Intro
- developed to develop theorem proving tactics in first-order calculus
- was applied to the LCF system that was also developed by Robin Milner at the University of Edinburgh
- LCF system is used as an interactive theorem prover where theorems are abstract types and implemented through appropriate inference rules
- ML can automatically infer data types based upon the circumstances in which they are used without explicit type annotations
- the drive behind this implementation is to develop programs that implicitly state the problem to be solved and then approach it through a rational and logical way
- the use of testing as a way of deciding a programs worth is never going to be exhaustive and thus the rational programming approach attacks the issue head on
- ML has spawned several other languages and dialects as well as influencing the design of others
- the most common implementations today are CAML and Standard ML (SML) as well as F# which is aimed at Microsoft’s .NET structure
- used for language design and manipulation through compilers, analyzers and theorem provers
Functional Programming
- there is no reassigning of variables
- through the use of functional programming the logical analysis of such a program is simple and straightforward
- using a functional language we can make assertions and prove them much easier than in a traditional language
- there is no such thing as an exhaustive test therefore we should program through the use of logic
- the use of a functional language in a parallel environment as yielded great benefits in a number of studies
- functional languages still have abstraction, input/output blocks and the option of packaging things in a given object
- there are some aspects of the language which may appear primitive because the focus lies on the logical build of the program
Functional vs. Imperative
- imperative languages are developed and applied through a series of test and fix approaches regardless of the paradigm used to establish this execution
- we can prove confidence with the imperative languages but not in a measurable way or with a sense of completeness
- functional languages develop their programs through an idea of logically plotting out how to solve the problem and thus are much better equipped to be published with certainty
- the problem cannot be explicitly defined through imperative languages but that is the exact aim of imperative languages: to define and directly address the issue
- imperative languages can reuse code and can partition the problem into more manageable chunks through the use of methods
- the same approach can be used in functional languages but there is also a higher level of abstraction in ML through the use of logic to build solutions to the problem
- parallel processing is not possible in imperative languages but the compiler can produce predictable and compact with the addition of GUIs
- parallel processing is possible but the memory requirements are large and unpredictable; adding a GUI is possible but difficult
- FORTRAN, Pascal and C are examples of imperative languages that remove the obstacles of the base level of computation
- ML, Hope and Lisp focus on developing programs through the use of logic
Overview
- the call-by-value strategy is the set of rules that determine how arguments and functions are evaluated
- the arguments are evaluated then bound to the variable before the function is executed or passed back
- garbage collection takes place through the deallocation of unused data and unnecessary space
- utilizes parametric polymorphism so that the type of the data does not matter when applying it to functions
- pattern matching is used to test whether things have a desired structure, to find relevant structure, to retrieve the aligning parts, and to substitute the matching part with something else
- this is useful in ML because it will enable the program to make sure that it sticks to the allowed syntax and operates correctly
- static typing is used which means that a variable can be used before it is declared or initialized
Development and Creation
- when Milner created ML it was the first language with polymorphic type inference and type-safe exception handling
- the goal of the creation of ML was to “define an extremely powerful language for programming which not only encourages people to write correctly, but whose meaning is defined completely and lucidly by mathematics, not by a users' manual”

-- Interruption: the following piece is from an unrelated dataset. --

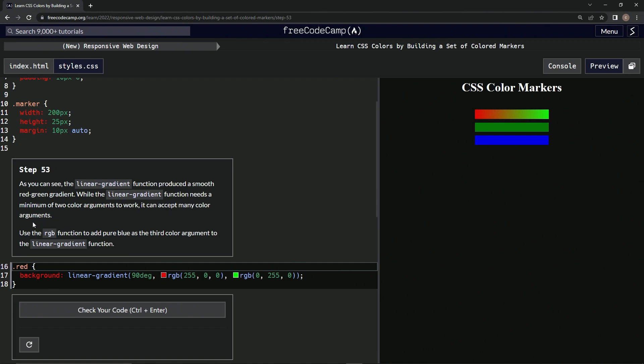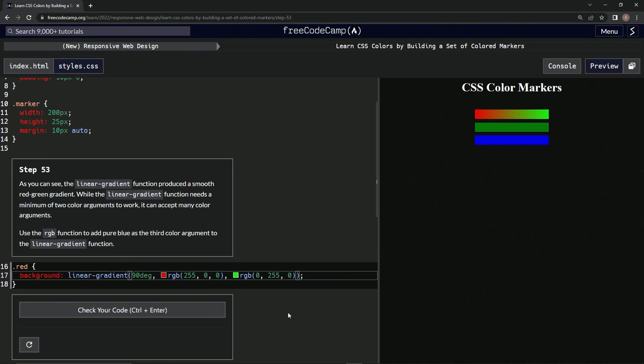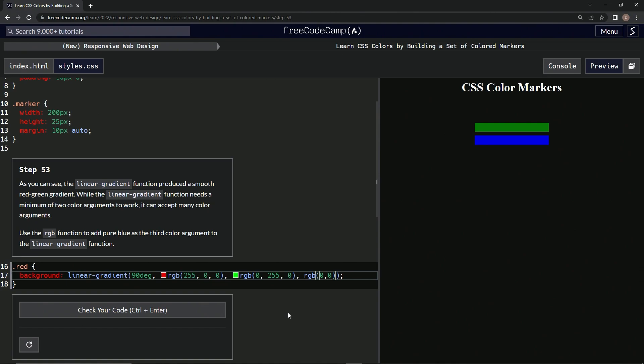We're going to use the RGB function to add pure blue as the third color argument to the linear-gradient function. So after this one, comma, RGB, and we're going to do zero, comma, and that's not zero, zero comma zero comma 255. All right, and right there we got some blue. There we go: red, green, blue. Check it out, looks good to submit it.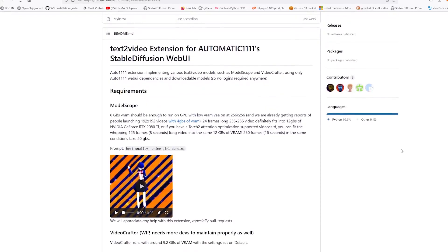The text-to-video extension for Auto1111 was updated today, and in this tutorial we're going to walk through how to install it and get you up and running with two different versions of text-to-video.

- Milner believes that we don’t fully understand the science behind all of our programming languages and thus tried to create ML to supplement this
- Milner looks for a programming languages to switch their drive in development to something more based on the mathematical and rational approach
- ML is used to build systems and algorithms
- Milner received the Turing award in 1991 for his work with ML and LCF
- originally interpreted in a type of Lisp generator created by Milner and his team
- has imperative features that were built on a functional core, is not an entirely pure language otherwise there would be no mutation or assignment operators
Characteristics
- ML is safe, in that a program that passes the type-checker cannot dump core, access private fields of abstract data types, mistake integers for pointers, or otherwise "go wrong."
- The Standard ML module system supports modules (called structures) and interfaces (called signatures); the signature of a module determines what components and types from the module are visible from outside. There is a flexible system for matching structures to signatures: there can be several different views (signatures) of the same structure, and there can be several different implementations (structures) matching the same signature.

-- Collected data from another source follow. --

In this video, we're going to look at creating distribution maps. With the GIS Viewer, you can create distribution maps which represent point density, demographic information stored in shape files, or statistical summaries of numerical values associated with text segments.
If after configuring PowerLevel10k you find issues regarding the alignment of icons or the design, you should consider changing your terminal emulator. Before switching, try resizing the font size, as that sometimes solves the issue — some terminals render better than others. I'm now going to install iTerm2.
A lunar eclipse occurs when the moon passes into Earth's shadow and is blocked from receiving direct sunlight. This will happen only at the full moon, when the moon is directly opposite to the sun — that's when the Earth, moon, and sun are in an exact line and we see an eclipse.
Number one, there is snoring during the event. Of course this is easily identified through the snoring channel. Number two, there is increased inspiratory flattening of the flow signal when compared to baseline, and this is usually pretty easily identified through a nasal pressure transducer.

- ML has higher-order functions: functions can be passed as arguments, stored in data structures, and returned as results of function calls. Functions can be statically nested within other functions; this lexical scoping mechanism gives the ability to create "new" functions at run time.
- Function calls in ML, like those of C, Pascal, C++, Java, etc., evaluate their arguments before entering the body of the function. Such a language is called strict or call-by-value, in contrast to some functional programming languages that are lazy or call-by-need. Strict evaluation makes it easier for the programmer to reason about the execution of the program.

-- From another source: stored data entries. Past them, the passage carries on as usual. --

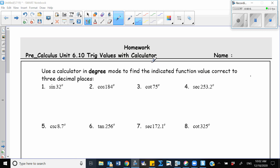Hello everyone. Today I'm going to help you with 6.10 homework. I'm going to teach you how to solve some of the problems in this homework. It's about trig values with calculators, so we're going to use our calculator to find these trig functions.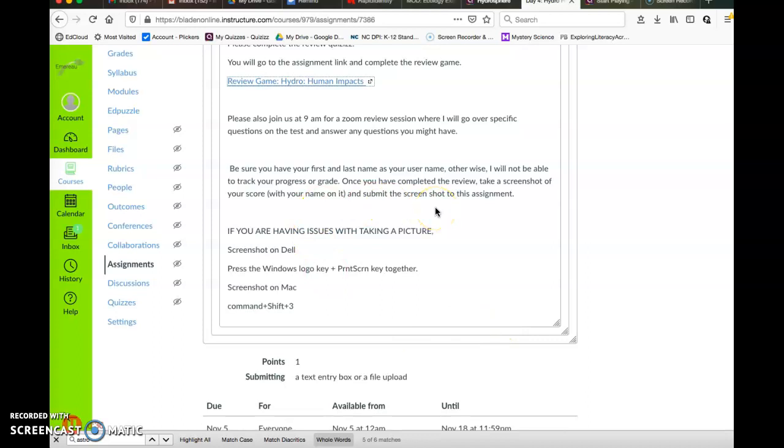Make sure your name's in it, otherwise I won't know it's actually you that did the test. That's it, enjoy. At 9 o'clock, I'm going to have a Zoom review session where I'll go over specific questions on the test and answer any questions you might have. Have a good day.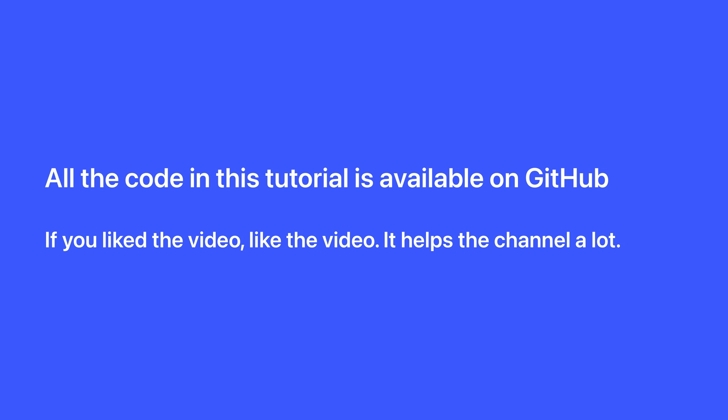If you like the video, like the video. It helps get this content in front of more people. And do subscribe if you want to see more.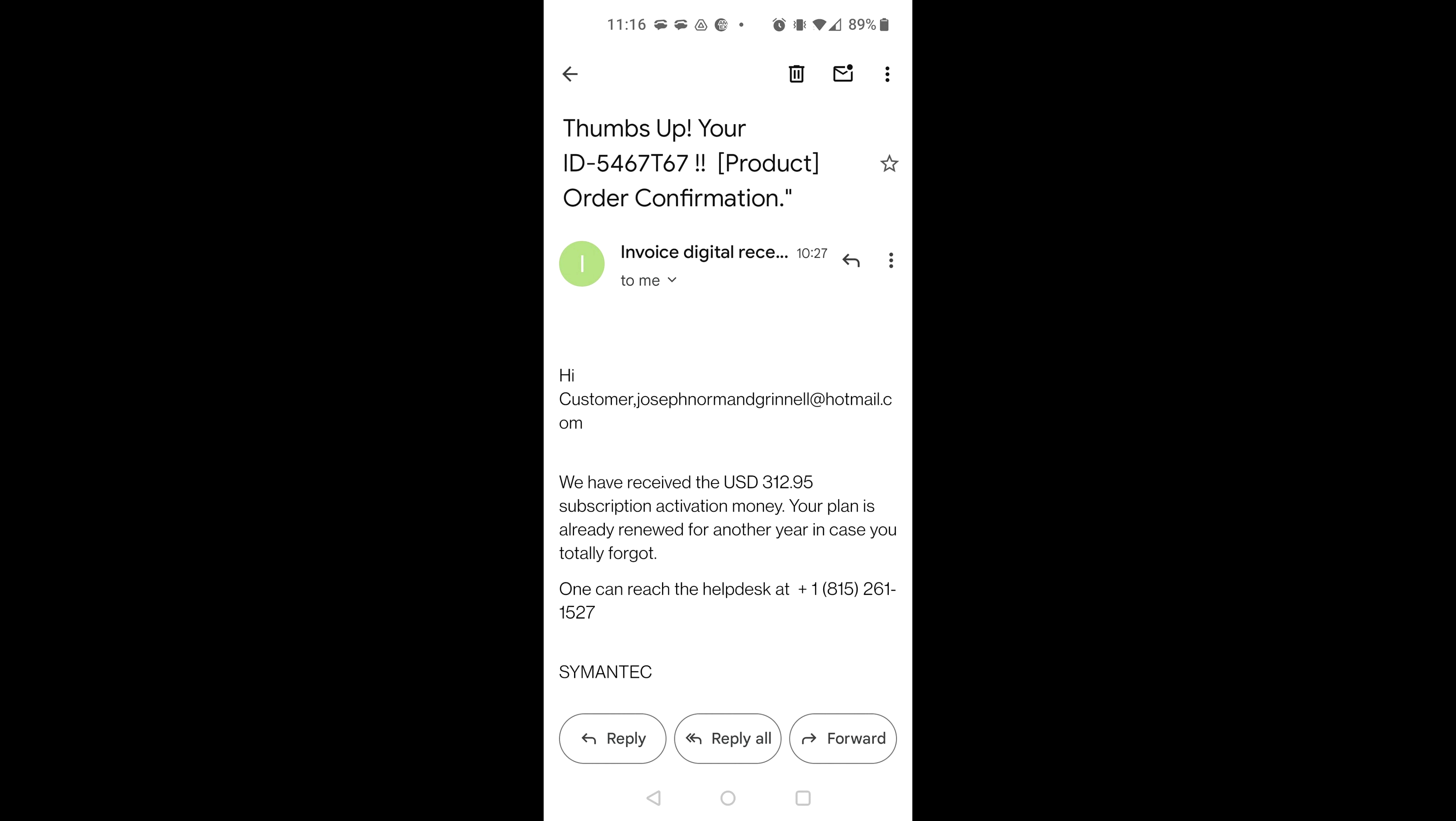First of all, you tell me the invoice number. So, what I have here is ID 5467TZentango67. That's all I got in my email. Okay. Just hold on. Let me check it.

- ML supports polymorphic functions and data types. Data-type polymorphism allows a single type declaration (such as "list") to describe lists of integers, lists of strings, lists of lists of integers, and so on; but the programmer can be assured that, given an "int list", every element really is an "int". Function polymorphism allows a single function declaration (such as filter_list) to operate on lists of integers, lists of strings, lists of integer-lists, and so on, avoid needless duplication of code.
- Programmers in compile-time type-checked languages get the benefit not only of faster execution but also less debugging: many of the programmer's mistakes can be caught early in the development process; and the types may lead to clearer thinking about the program's specification.
- The ML programmer need not write down the type of every variable and function-parameter: the compiler can usually calculate the type from context. This makes programs more concise and easier to write.
- Automatic deallocation of unreachable data makes programs simpler, cleaner, and more reliable.
- ML's exception-handling mechanism -- similar to the ones in C++, Java, Ada, etc. -- provides dynamic nesting of handlers and eliminates the need for ad hoc, special exceptional return values from functions.
- In ML, most variables and data structures -- once created and initialized -- are immutable, meaning that they are never changed, updated, or stored into. This leads to some powerful guarantees of noninterference by different parts of the program operating on those data structures. In a functional language such as ML, one tends to build new data structures (and let the old ones be garbage collected) instead of modifying old ones.
- However, ML does have updatable (assignable) reference types, so that in those cases where destructive update is the most natural way to express an algorithm, one can express it directly.
- ML supports information hiding, so that one can implement a data type whose representation is hidden by an interface that just exports functions to construct and operate on the type.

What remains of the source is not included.